- [Problem description] Transcribe exactly, leaving out pictures, the lines from the one that holds "EC-DG9 - Tecnam" through the end of the data below, including both end lines and no others.
____
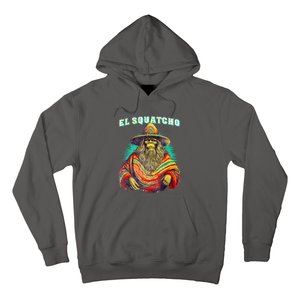 El Squatcho Poncho – Western Bigfoot Funny Sasquatch Gift Hoodie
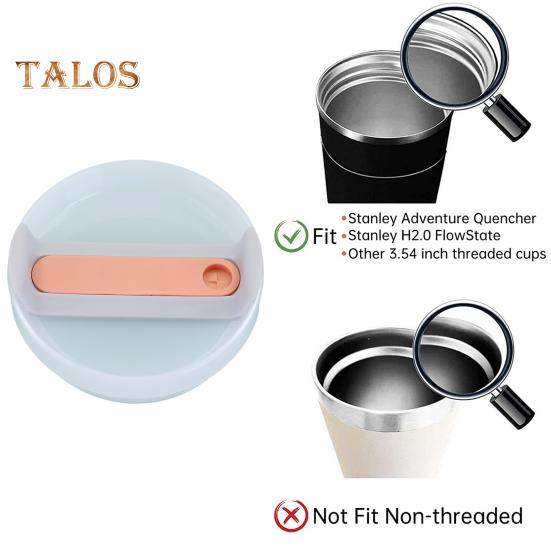 40 Oz Tumbler Flip Straw Lid Spill-Proof Splash Resistant Leak-proof Cup Lid Reusable Cover BPA-Free Dishwasher Safe Universal Cup Lid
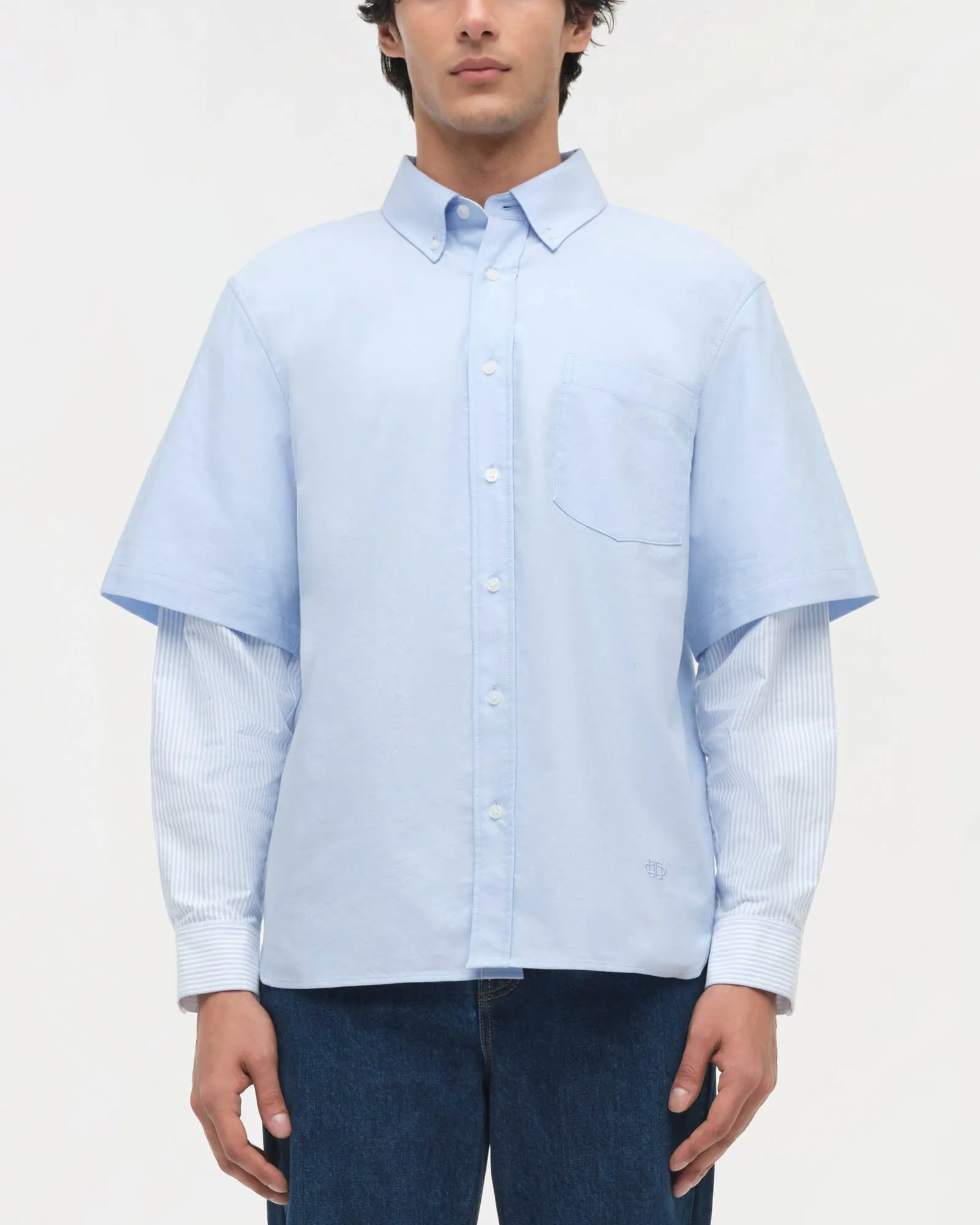 Quade Double Sleeve Shirt sold by TNT Fashion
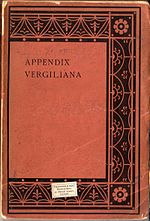 Thumbnail for Appendix Vergiliana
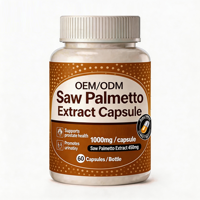 Capsule d'extrait de palmier nain OEM/ODM 1000mg – Soutien à la santé de la prostate et urinaire, suppléments pour la santé masculine adulte, éclaircissement de la peau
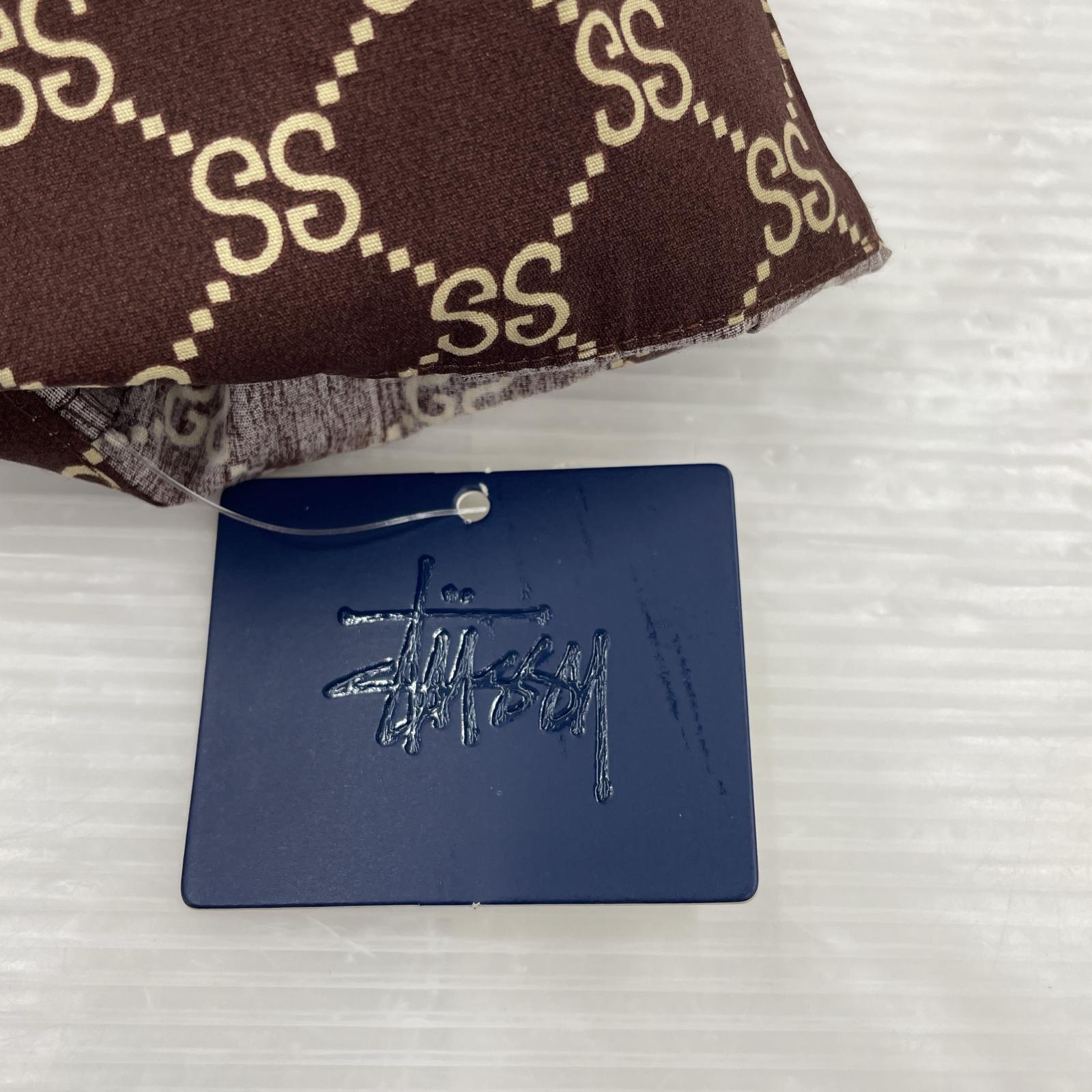 長袖シャツ STUSSY 90s MONOGRAM LOGO 長袖シャツ L ブラウン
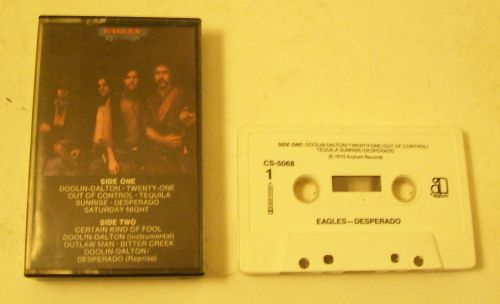 Eagles - Desperado Cassette Tape 1973 Asylum Records CS-5068 Tequila Sunrise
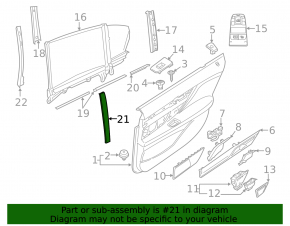 Door frame trim rear left front BMW 7 G12 16-19 side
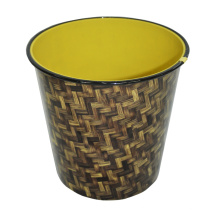 Plastic Abstract Design Open Top Garbage Bin (B06-2014-3)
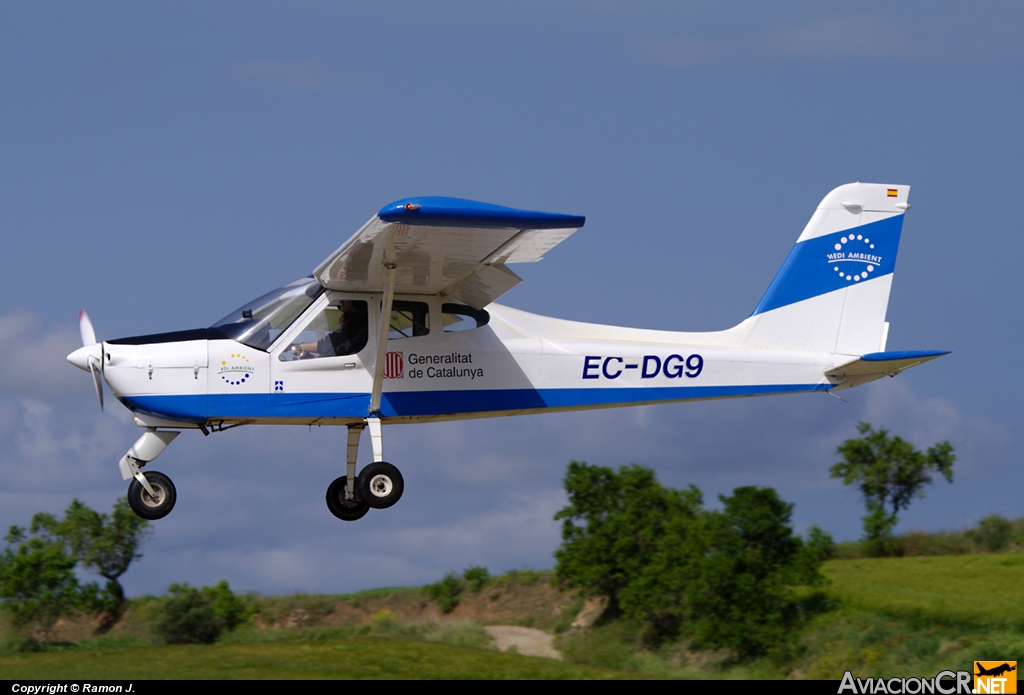 EC-DG9 - Tecnam P92 Echo Super - Generalitat de Catalunya - Medi Ambient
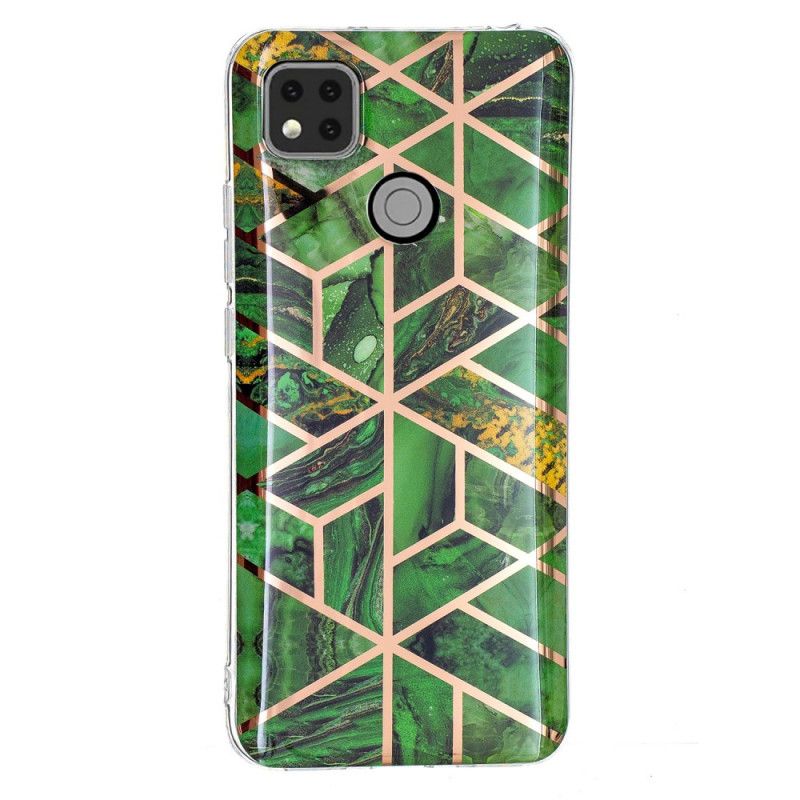 Cover Xiaomi Redmi 9C Sort Ultra Designer Marmor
____
- [Response]
 EC-DG9 - Tecnam P92 Echo Super - Generalitat de Catalunya - Medi Ambient
 Cover Xiaomi Redmi 9C Sort Ultra Designer Marmor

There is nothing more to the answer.